A. LE PROGRAMME 165 « CONSEIL D'ÉTAT ET AUTRES JURIDICTIONS ADMINISTRATIVES »

1. Une poursuite du renforcement des moyens de la Cour nationale du droit d'asile qui commence à prouver ses effets en matière de réduction des délais de jugement

La prolongation constatée en 2018 des délais de jugement devant la Cour nationale du droit d'asile (CNDA), ainsi que la hausse attendue du nombre d'affaires entrantes pour 2019 représentaient des motifs d'inquiétude pour le rapporteur spécial lors de l'examen du PLF pour 2019. En effet, ces deux mouvements compromettent à la fois la bonne réalisation des objectifs de performance 84 ( * ) du programme 165 et le respect du délai légal, fixé en 2015 à 5 mois pour les procédures ordinaires et à 5 semaines pour les procédures accélérées 85 ( * ) .
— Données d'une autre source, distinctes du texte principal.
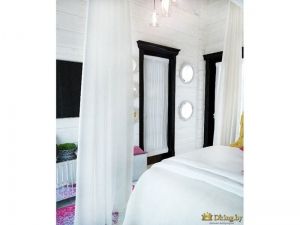 белая спальня. кровать занавешена белые легкими шторами. дверь темно-коричневого цвета со стеклом. стекло занавешено легкой органзой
Ainsi, après avoir connu de fortes hausses du nombre de recours déposés en 2017 (+ 34 %) puis en 2018 (+ 9,5 %), la CNDA a enregistré 59 091 recours en 2019, soit une progression de 1 % par rapport à 2018, et de 48 % par rapport à 2016 .

Pour faire face à cet afflux de demandes, la loi de finances initiale pour 2019 avait autorisé la création de 122 emplois supplémentaires et de 5 nouvelles chambres, contre respectivement 102 et 4 en 2018.

Cependant, cette hausse importante de l'effectif de la CNDA doit être minorée par une moindre exécution du schéma d'emplois sur l'ensemble du programme 165 . Pour la CNDA, ce sont ainsi 29 recrutements de contractuels qui n'ont pas pu être réalisés, d'après la Cour des comptes 86 ( * ) . Par ailleurs, des fins de contrats intervenues trop tardivement n'ont pu donner lieu à un remplacement avant le 31 décembre 2019. Le plafond d'emplois exécuté en 2019, avec 600 ETPT, est ainsi inférieur à la prévision (648 ETPT), mais il demeure nettement supérieur à celui de 2018 (474 ETPT).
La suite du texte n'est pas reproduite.